Czy krotoszyński szpital wypowie umowę z NFZ?
Blisko 200 dyrektorów szpitali powiatowych w Polsce, w tym Krzysztof Kurowski – dyrektor SPZOZ w Krotoszynie i 120 starostów w całym kraju wzięło udział w spotkaniu jakie odbyło się w Warszawie 30 sierpnia, a zorganizowane zostało jako wyraz zaniepokojenia zmianami w polityce zdrowotnej państwa.
Masz zdjęia lub film do tego artykułu? Wyślij je do nas!
Spotkanie zorganizował Ogólnopolski Związek Pracodawców Szpitali Powiatowych, którzy po konferencji wystosował do Łukasza Szumowskiego, ministra zdrowia trzy postulaty. Zostały one sformułowane w Stanowisku Ogólnopolskiego Związku Pracodawców Szpitali Powiatowych podjętym wspólnie z Zarządem Związków Powiatów Polskich.
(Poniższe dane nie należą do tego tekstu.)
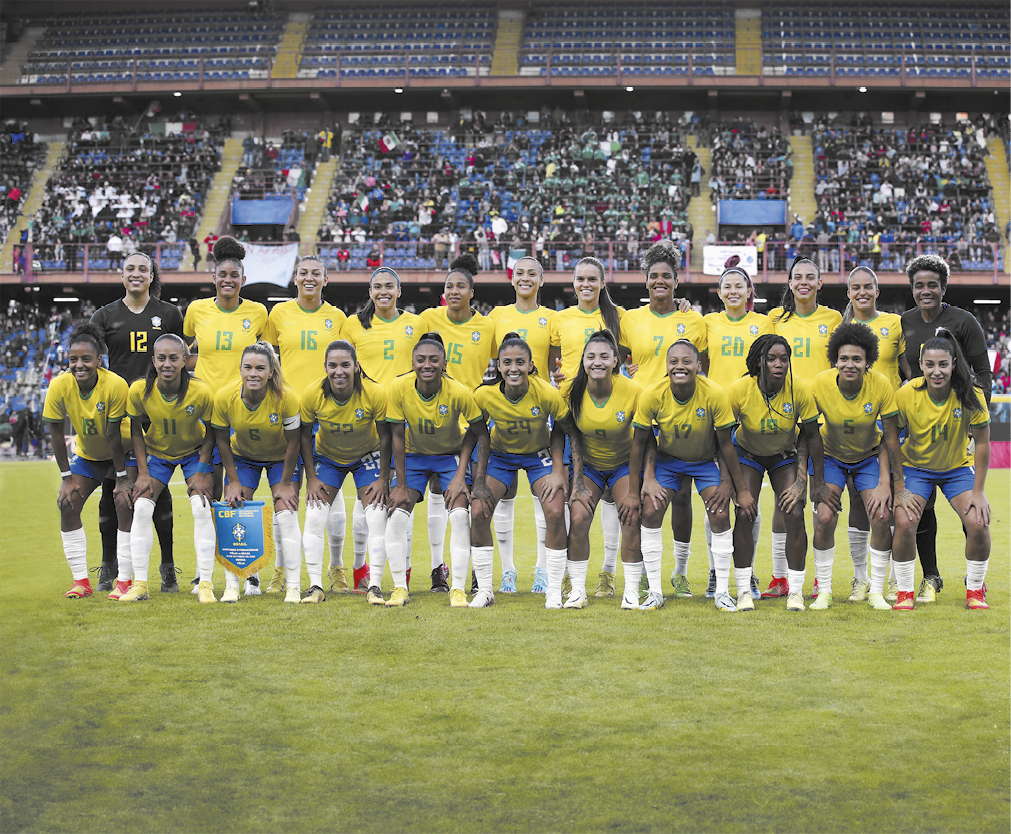 Fotografia da Seleção Brasileira de Futebol Feminino uniformizada, posando para uma foto, em um gramado de um estádio. Elas estão organizadas em duas fileiras: a linha da frente com jogadoras agachadas e a linha de trás com jogadoras em pé. Todas estão usando uniformes do Brasil, com camisas amarelas, calções azuis e meiões brancos. Ao fundo, há arquibancadas com muitas pessoas.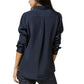 A woman is shown from the back against a white background, wearing the Ann Mashburn Icon Silk Blouse in navy blue with long sleeves, paired with dark pants.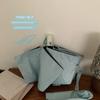 Meet the Sea with This Sea Blue Solid Color Automatic Umbrella. a Stylish and Practical Umbrella with Black Coating for Sun Protection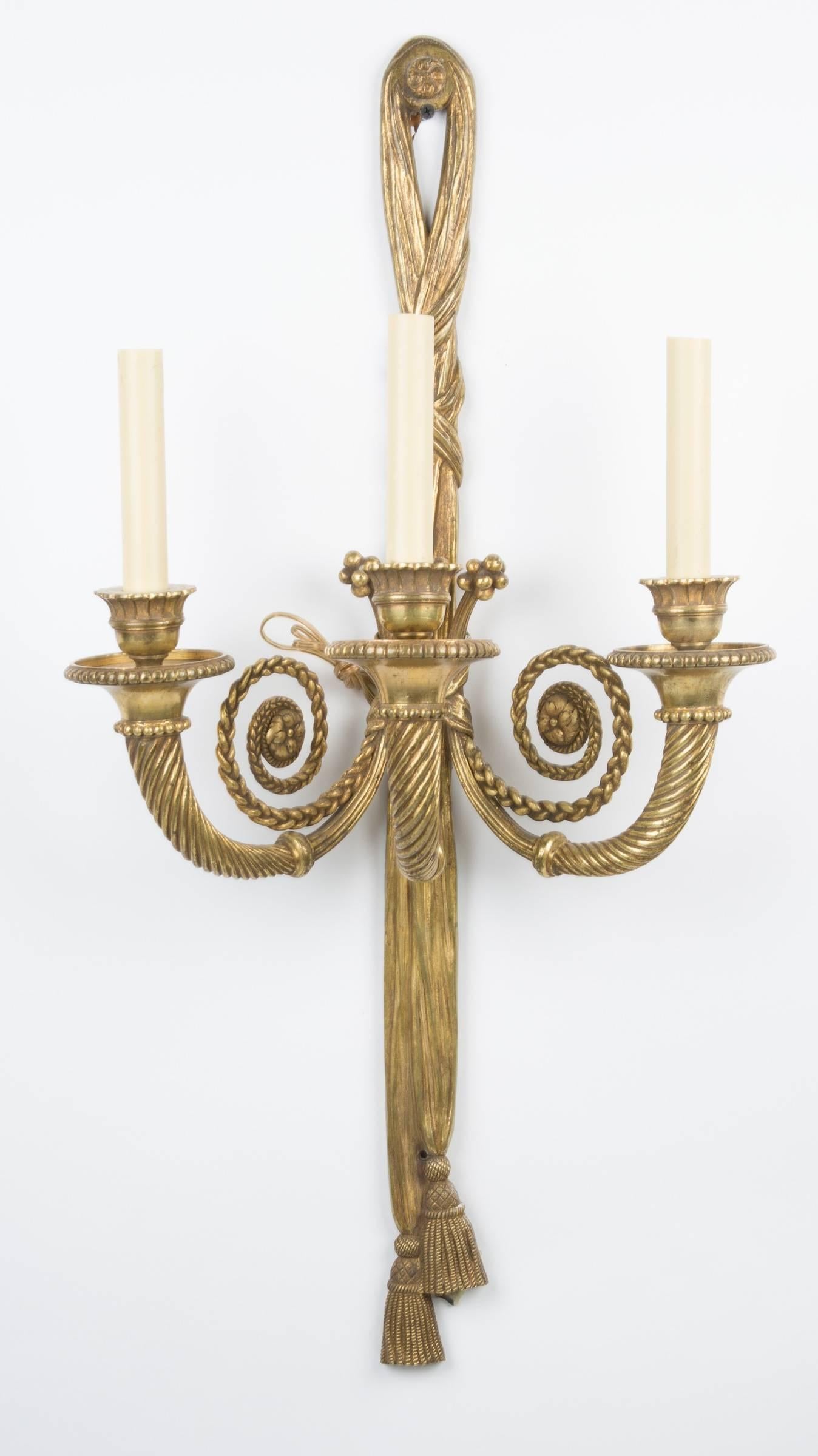 A pair of French Louis XVI-style three-light sconces, the backs in the form of draped cord with cross bands terminating in tassels, each candle arm with spiral twist fluting.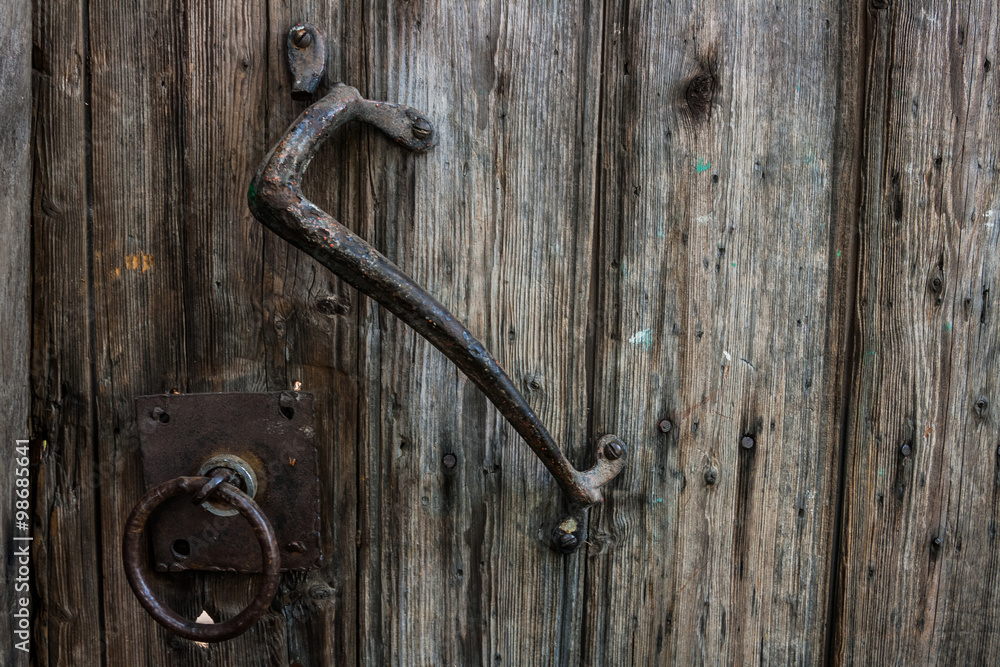 Old wooden door with wrought iron handle Old wooden door with wrought iron handle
W przypadku niespełnienia postulatów, dyrektorzy szpitali zapowiedzieli, że zmuszeni będą wypowiadać umowy z Narodowym Funduszem Zdrowia, gdyż kierowane przez nich placówki nie będą miały pieniędzy na pokrycie kosztów, jakie pociągają ze sobą ostatnie decyzje ministra zdrowia. Szpitale nie przyjmą kolejnych propozycji finansowania świadczeń, w tym w ramach tzw. „umowy sieciowej”. – Nasze spotkanie w Warszawie nie miało na celu wprowadzania jakiegoś zamieszania czy zamętu, ale podyktowanie kierowanych przez nas szpitali – mówi Krzysztof Kurowski.
Minister Szumowski zdecydowało wprowadzeniu od 1 września 2018 r. dodatkowego dodatku 1 100 zł dla pielęgniarek, który wliczany ma być do wynagrodzenia podstawowego. Tym samym zmienił postanowienia zawarte w Ustawie o sposobie ustalania najniższego wynagrodzenia zasadniczego pracowników wykonujących zawody medyczne zatrudnionych w podmiotach leczniczych, które zakłady, że w latach 2017-21 systematycznie rosnąć będą wynagrodzenia personelu pielęgniarskiego. Zapisy w tej ustawie są realizowane przez SPZOZ w Krotoszynie.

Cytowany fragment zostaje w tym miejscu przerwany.